In summary, the described aspects of Virtual-Time Rate can provide improved buffer management in multi-queue systems. Using VTR as described here, a set of buffers can be allocated more efficiently and fairly amongst the sub-queues in comparison with existing solutions. An increased efficiency in the use of the buffers can usually result in an increase in the overall throughput. In addition, the increased efficiency in the use of the buffers can be used to reduce the cost of the network device. Furthermore, VTR may result in a more accurate and fair method of sharing limited resources (e.g., memory buffers) between users of a network, which can result in an increased fairness.


In comparison with a global static threshold, VTR can ensure that each sub-queue cannot use more than its fair share of the buffers. In comparison with a static per-queue threshold, VTR can ensure that most buffers are used. In comparison with previous Dynamic Buffer Management techniques, VTR can improve fairness and reduce complexity. In particular, in VTR, only a single value needs to be measured and only a single threshold needs to be computed.


VTR can also be used to implement Active Queue Management, Flow Control, and other congestion managements schemes. In comparison with existing schemes, VTR can provide a less noisy and more accurate measurement of queuing delay, or VTR can provide a fairer behavior of the congestion management across sub-queues.


ASPECTS AND VARIATIONS OF THE INSTANT APPLICATION

In general, the disclosed aspects provide a method, computer system, and non-transitory computer-readable storage medium for facilitating managing queues based on a virtual time rates. In one aspect, the system maintains a queue structure used for storing packets and comprising a plurality of sub-queues used to process the packets, wherein the packets in the queue structure are to be dequeued by a scheduler. The system computes a respective packet virtual time for a respective packet based on at least a packet virtual time of a previous packet processed by the same sub-queue, wherein the respective packet virtual time indicates a relative progress of the respective packet in the sub-queue. The system computes a global virtual time based on a packet virtual time of a packet being dequeued from the queue structure by the scheduler. The system measures a rate at which the global virtual time progresses based on the virtual time of packets dequeued by the scheduler from the queue structure. The system manages congestion in a respective sub-queue based on the rate at which the global virtual time progresses, a metric of the respective sub-queue, and an amount of a resource for the queue structure.

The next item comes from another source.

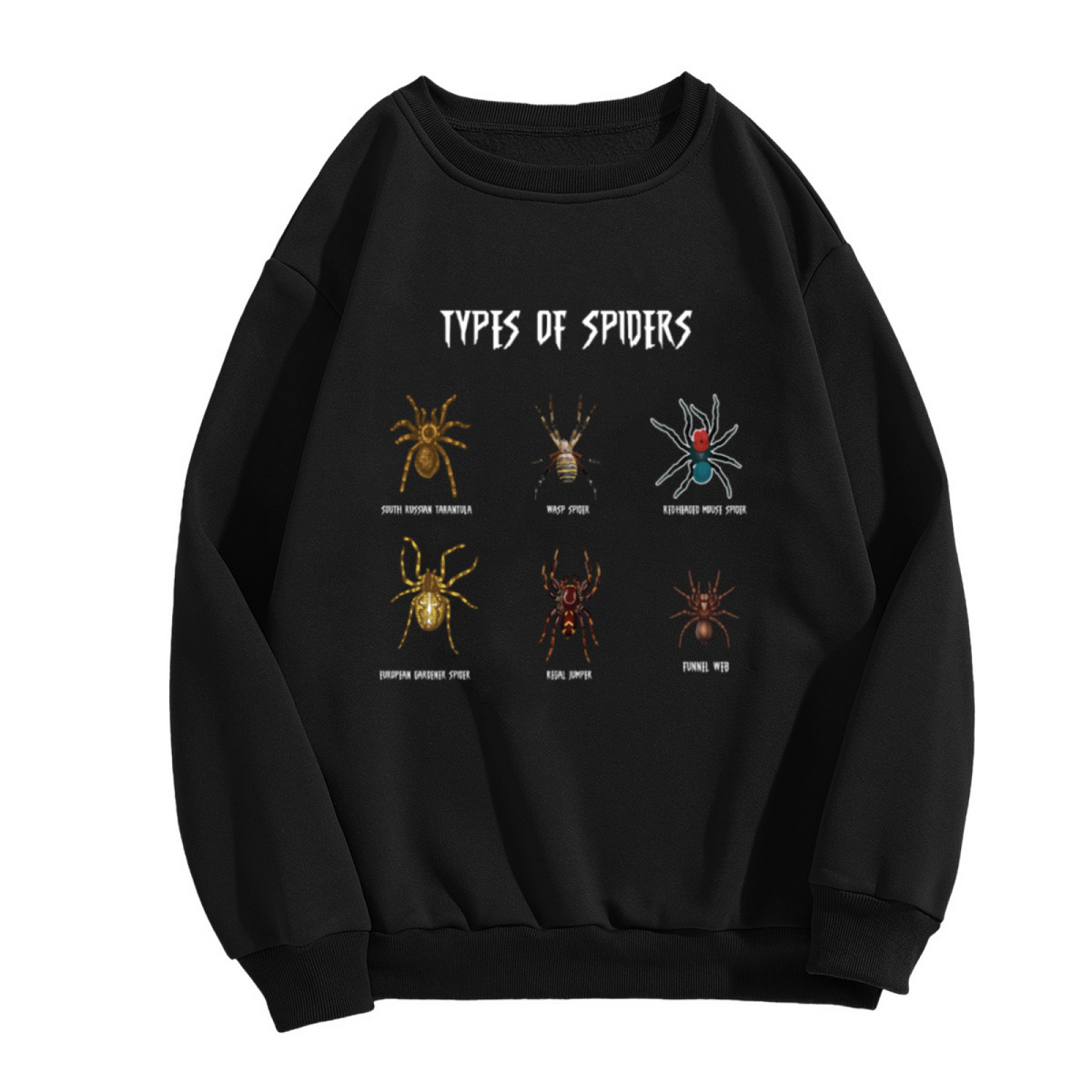 Types Of Spiders Graphic Crewneck Sweatshirt, Spider Lover Gift Top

In a variation on this aspect, the system manages the congestion in the respective sub-queue by dropping one or more packets.


In a further variation on this aspect, the system manages the congestion in the respective sub-queue by changing an explicit congestion notification (ECN) value in a header of one or more packets.


In a further variation, the system manages the congestion in the respective sub-queue by transmitting a pause frame.


In a further variation, the system manages the congestion in the respective sub-queue by transmitting a flow control signal or a flow control packet.


In a further variation, the system manages the congestion in the respective sub-queue by: scaling the metric of the respective sub-queue based on the rate at which the global virtual time progresses; comparing the scaled metric of the respective sub-queue with the amount of the resource for the queue structure; and managing the congestion in the respective sub-queue based on the comparison.


In yet another variation, the system manages the congestion in the respective sub-queue further based on a length of the sub-queue.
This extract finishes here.